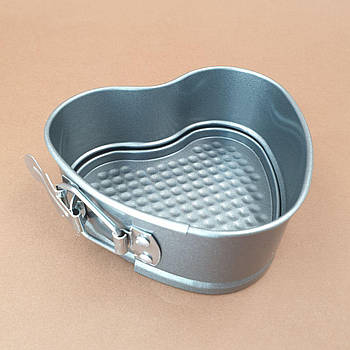 Залізна форма для випічки бенто-торту з рифленим дном Серце 13 см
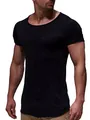 Macro view of a slim fit black men's T-shirt featuring unique panel stitching detail. - Black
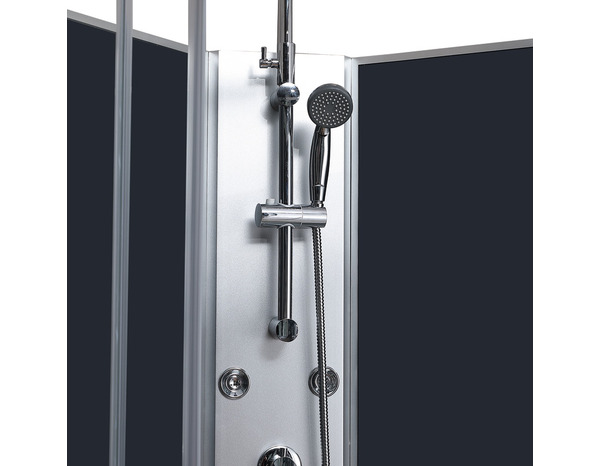 Cabine de douche hydromassante "Onega" - Gris - L. 80 x l. 120 x H. 225 cm - GoodHome - Brico Dépôt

++++++++++

Return the full material word for word. Do not include the pictures.

## Exercise answer:
 Залізна форма для випічки бенто-торту з рифленим дном Серце 13 см
 Macro view of a slim fit black men's T-shirt featuring unique panel stitching detail. - Black
 Cabine de douche hydromassante "Onega" - Gris - L. 80 x l. 120 x H. 225 cm - GoodHome - Brico Dépôt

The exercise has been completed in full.